Each record that follows is to be transcribed exactly, excluding its images.

▶

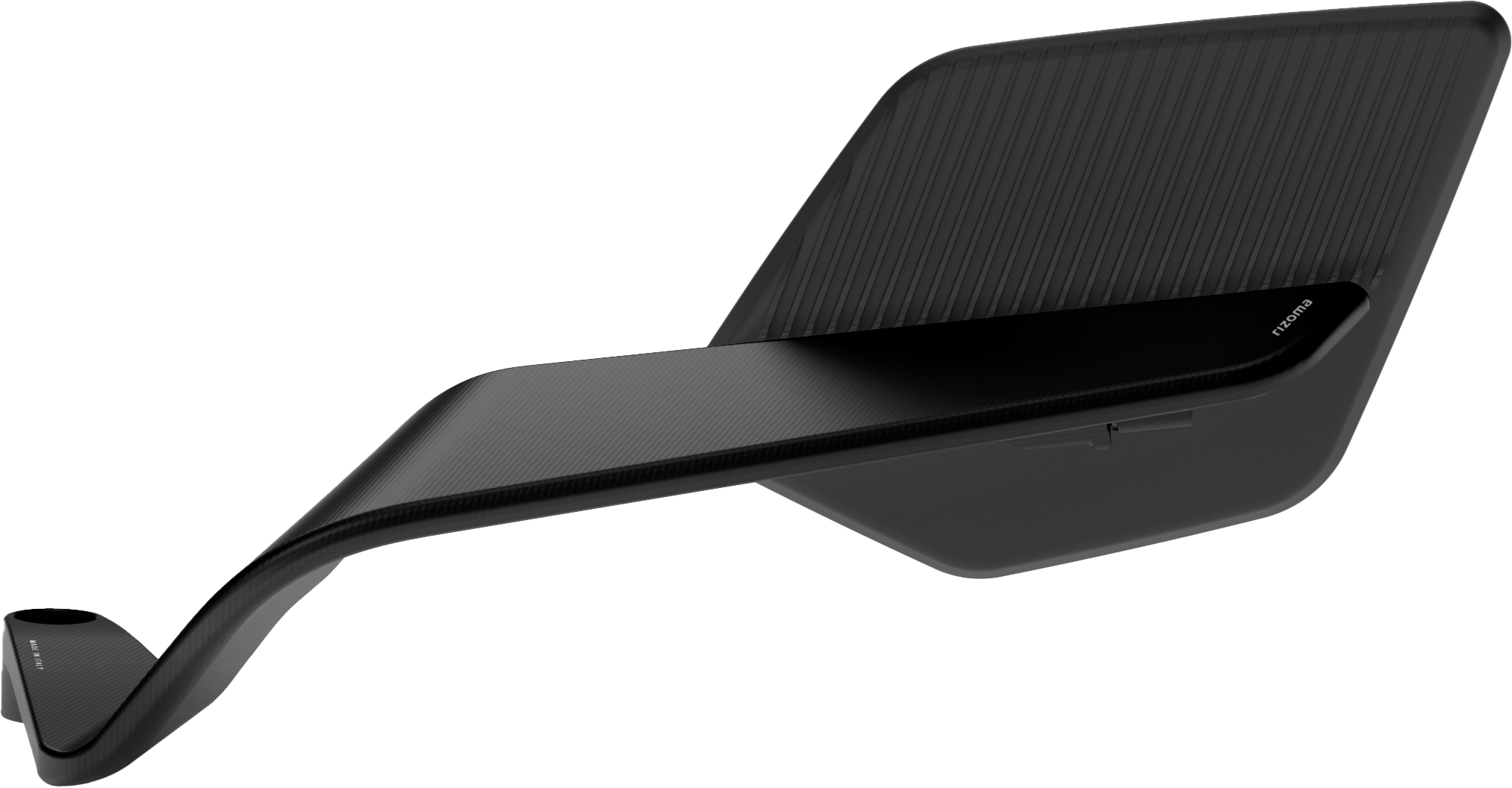 Stealth Naked Mirror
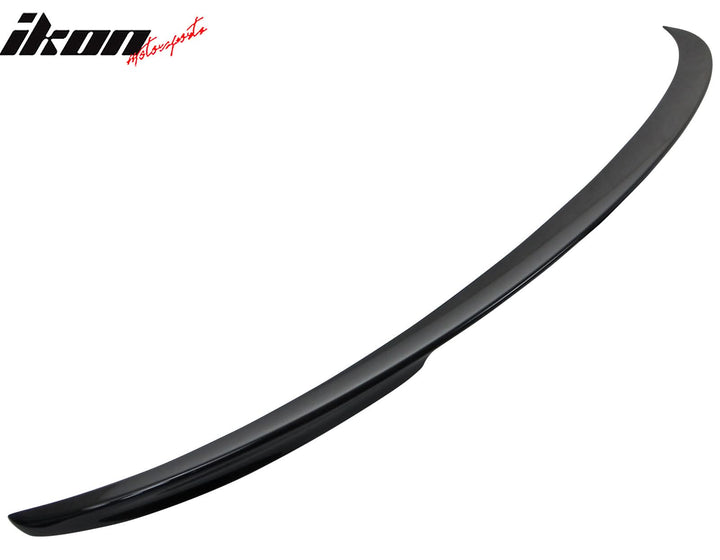 2011-2016 BMW 5 Series F10 4Dr Sedan P Style Trunk Spoiler Wing ABS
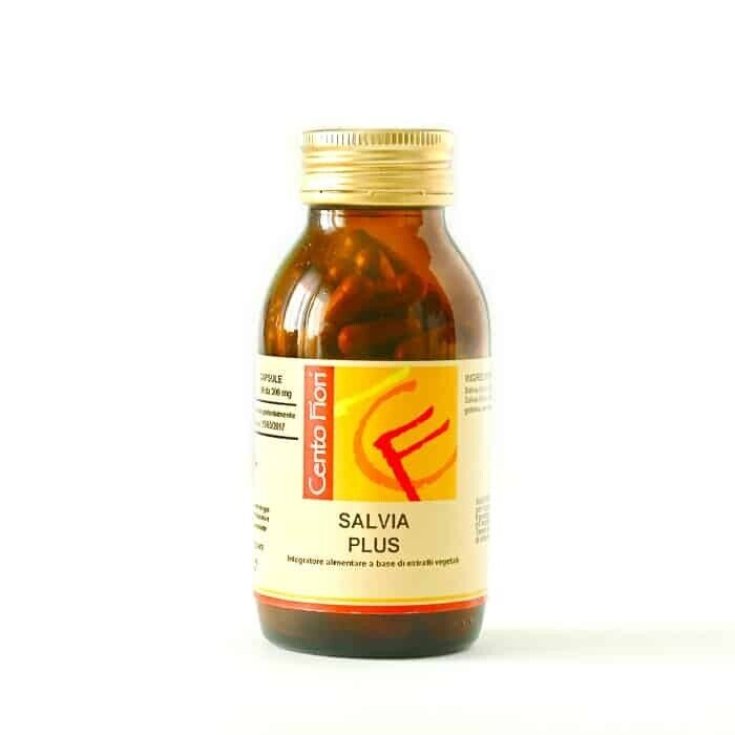 Salvia Plus Cento Fiori 100 Capsule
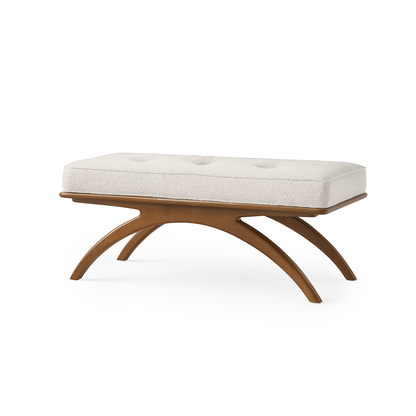 Amelia Bench - Buff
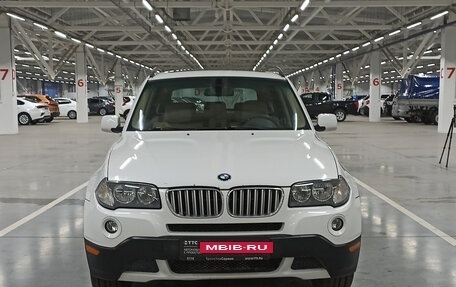 BMW X3, 2007 год, 720 000 рублей, 2 фотография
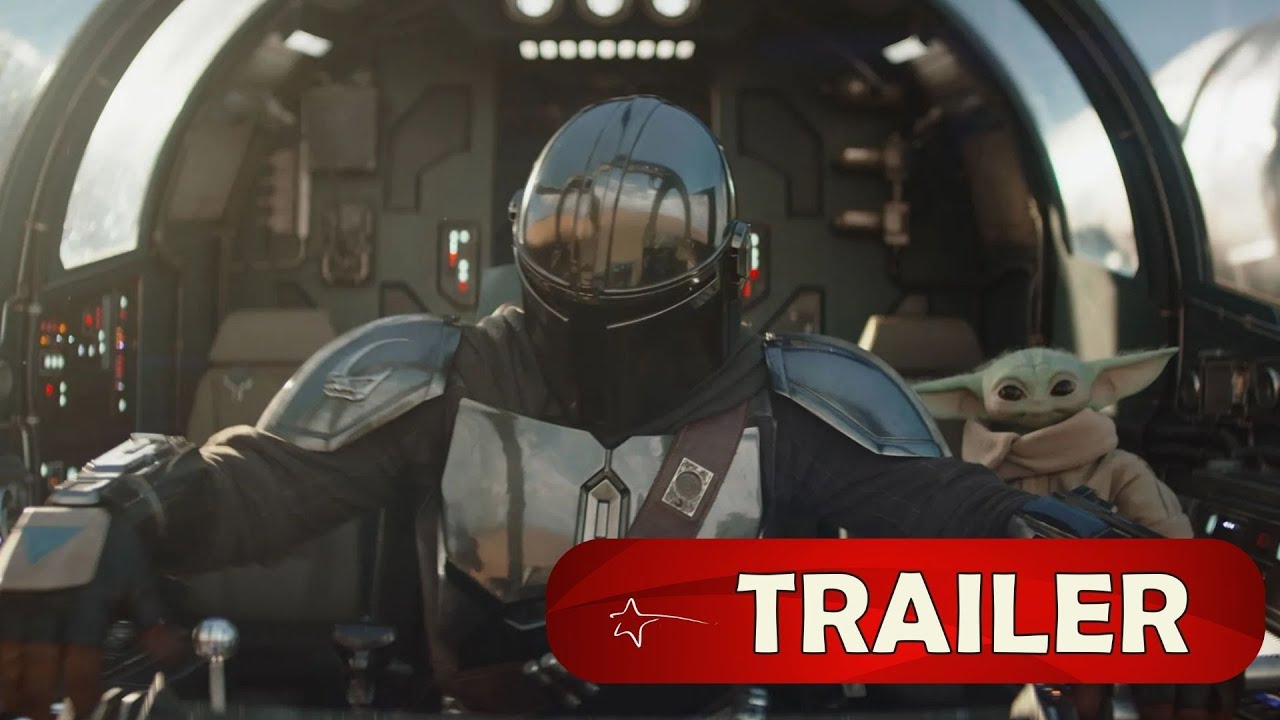 Star Wars - A mandalóri és Grogu – Szinkronos előzetes (12E)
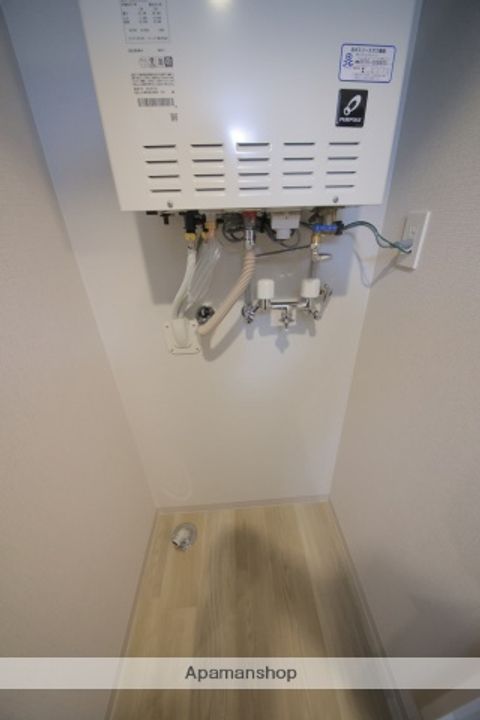 モーリス中島公園の内装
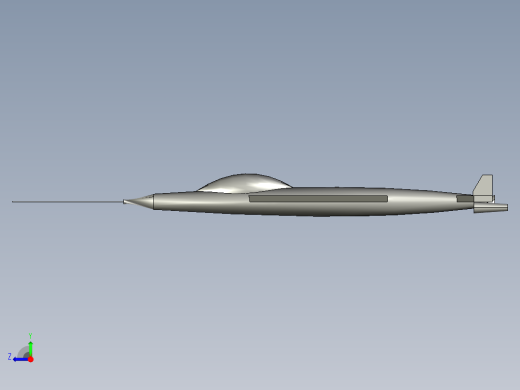 飞机右视缩略图
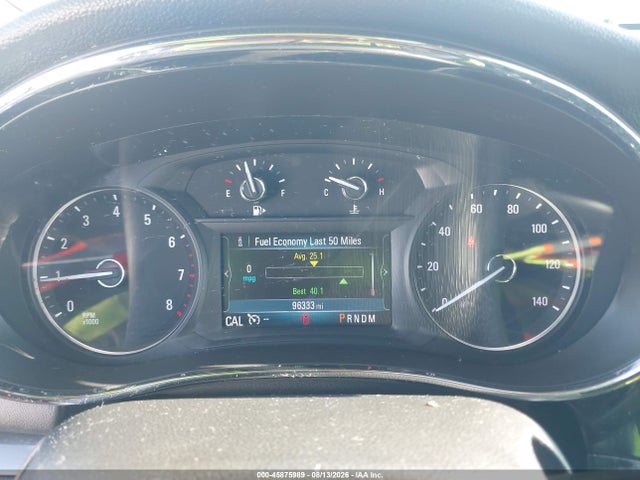 Buick Encore Fwd Preferred 2020 KL4CJASB9LB351782 Image 7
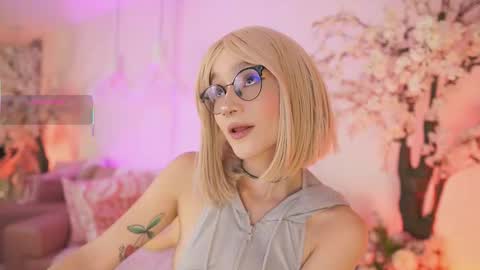 Dalahia Rush online show from 13, 11, 2025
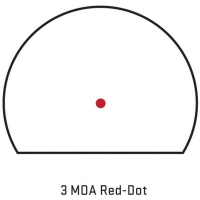 SIG OPTICS Romeo 3 1x25 3 MOA  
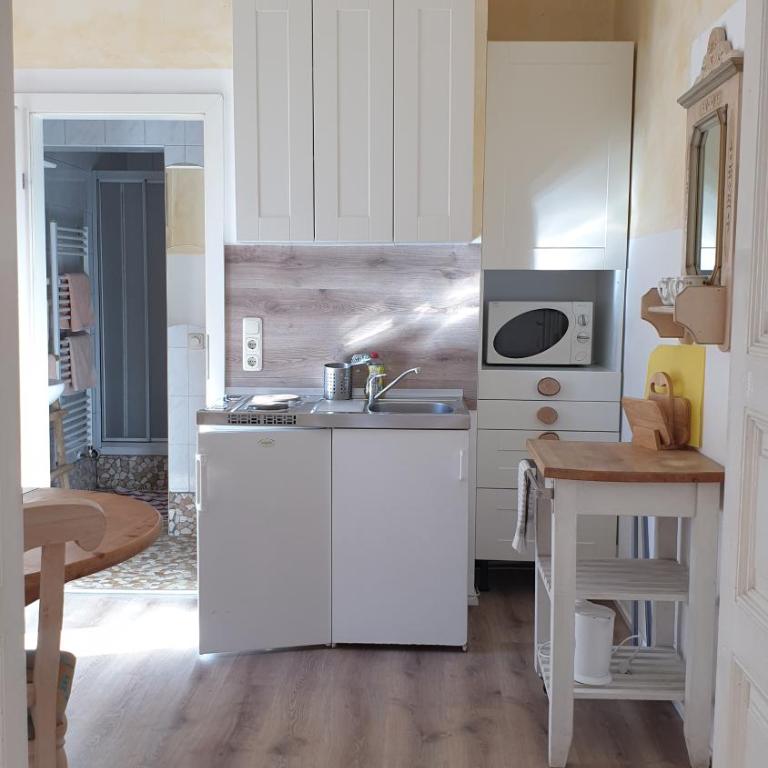 Appartement Harrer - Familienzimmer mit Seeblick - 2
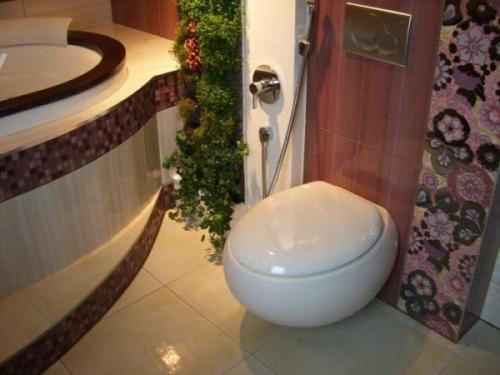 Высота гигиенического душа от пола. Особенности установки 05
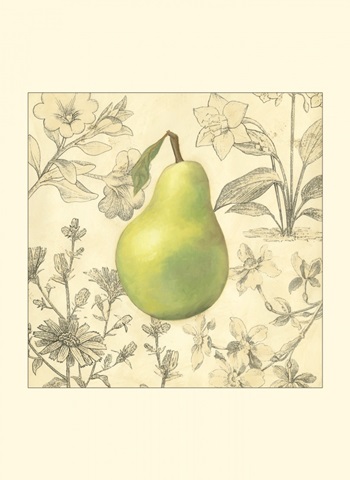 Pear and Botanicals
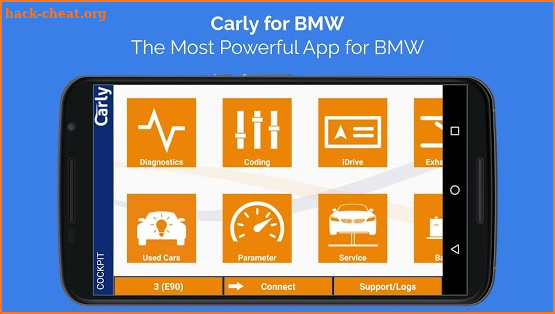 Carly for BMW screenshot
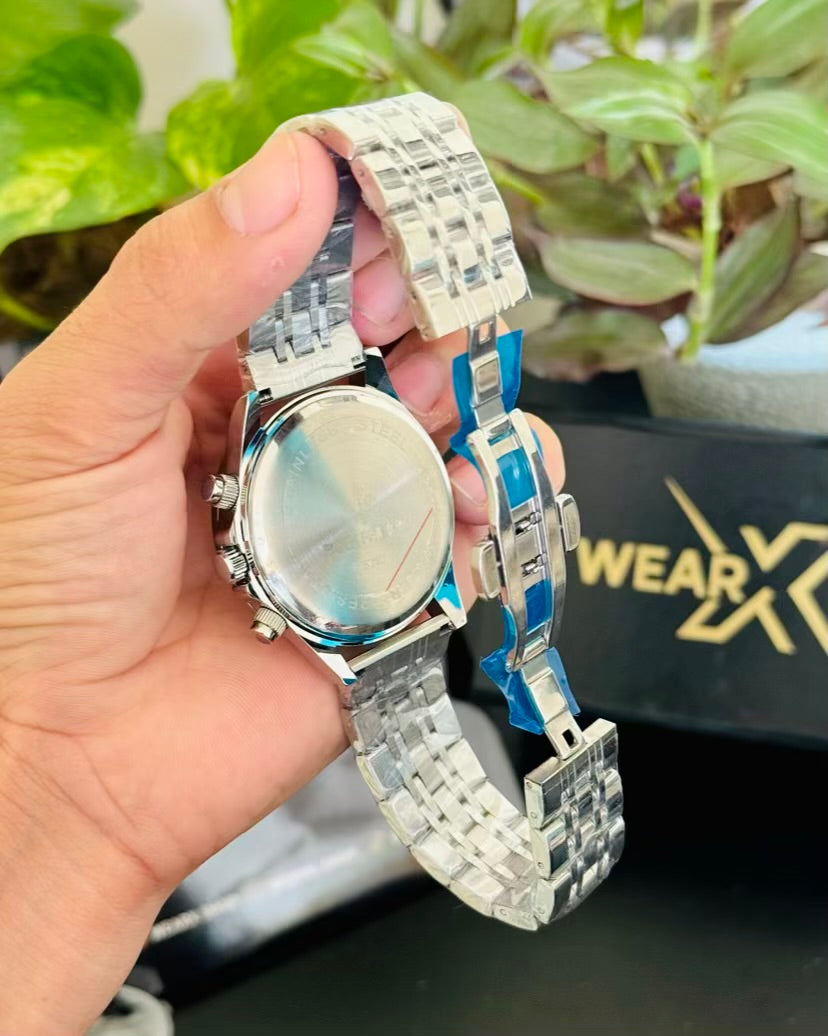 PP Moonface Master Grade Watch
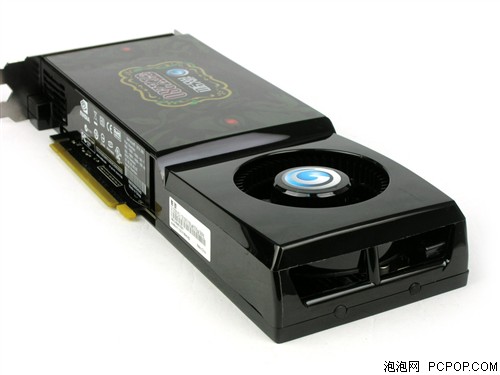 ���ܳ�Խ����8%��Ӱ����ǿGTX280����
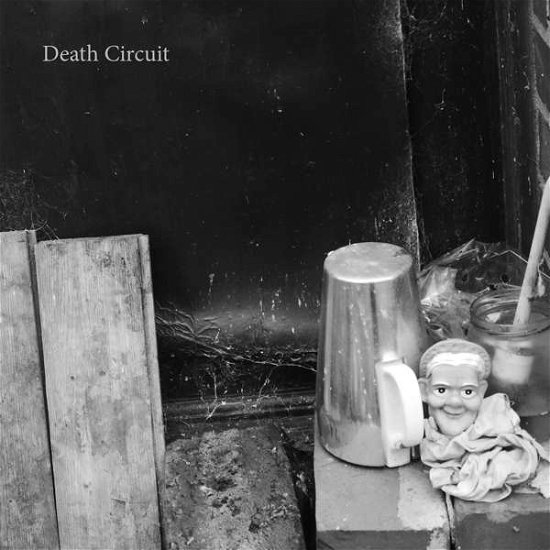 Cover for Death Circuit · Teeparty Am Waldbrand (LP) (2020)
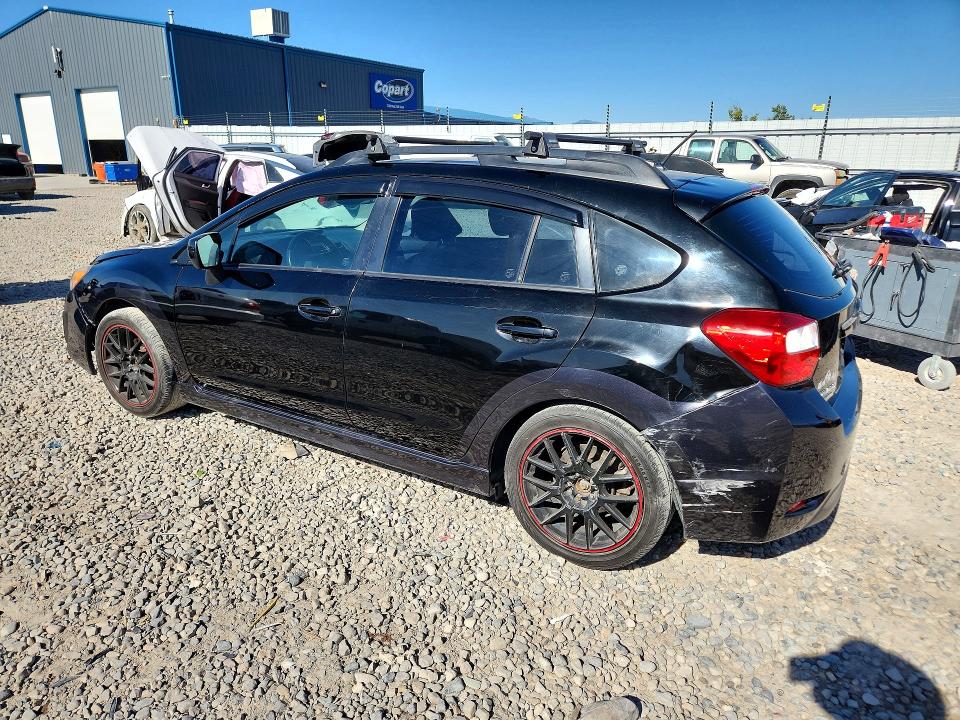 Aukcja sprzedaży 2012 Subaru Impreza, vin: JF1GPAL69CH220653, numer aukcji: 55797936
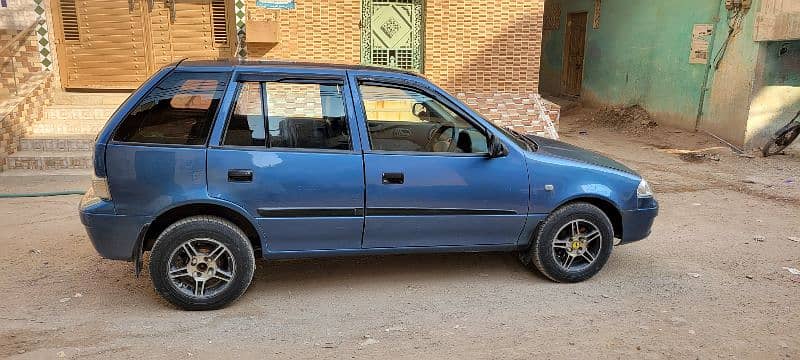 Suzuki Cultus VXRi 2011/12 B2B 4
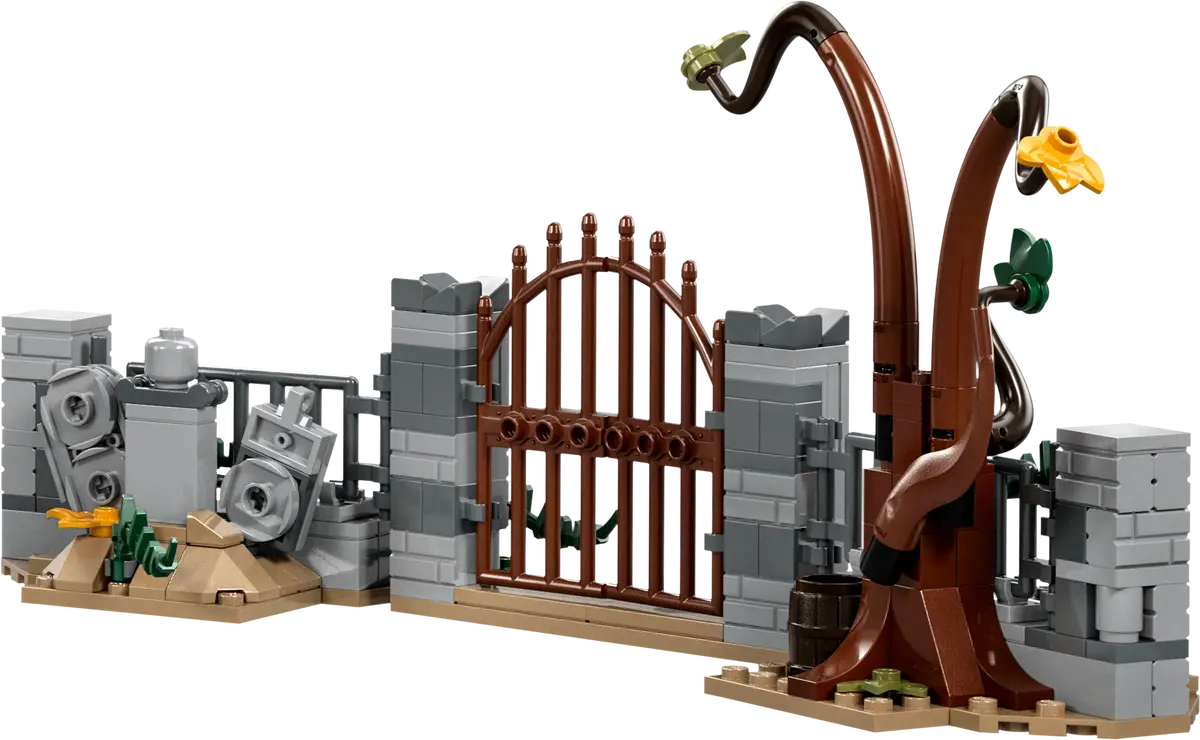 21341 ESCLUSIVA LEGO Ideas - Disney Hocus Pocus: il cottage delle sorelle Sanderson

◀

# TASK SOLUTION
 Stealth Naked Mirror
 2011-2016 BMW 5 Series F10 4Dr Sedan P Style Trunk Spoiler Wing ABS
 Salvia Plus Cento Fiori 100 Capsule
 Amelia Bench - Buff
 BMW X3, 2007 год, 720 000 рублей, 2 фотография
 Star Wars - A mandalóri és Grogu – Szinkronos előzetes (12E)
 モーリス中島公園の内装
 飞机右视缩略图
 Buick Encore Fwd Preferred 2020 KL4CJASB9LB351782 Image 7
 Dalahia Rush online show from 13, 11, 2025
 SIG OPTICS Romeo 3 1x25 3 MOA  
 Appartement Harrer - Familienzimmer mit Seeblick - 2
 Высота гигиенического душа от пола. Особенности установки 05
 Pear and Botanicals
 Carly for BMW screenshot
 PP Moonface Master Grade Watch
 ���ܳ�Խ����8%��Ӱ����ǿGTX280����
 Cover for Death Circuit · Teeparty Am Waldbrand (LP) (2020)
 Aukcja sprzedaży 2012 Subaru Impreza, vin: JF1GPAL69CH220653, numer aukcji: 55797936
 Suzuki Cultus VXRi 2011/12 B2B 4
 21341 ESCLUSIVA LEGO Ideas - Disney Hocus Pocus: il cottage delle sorelle Sanderson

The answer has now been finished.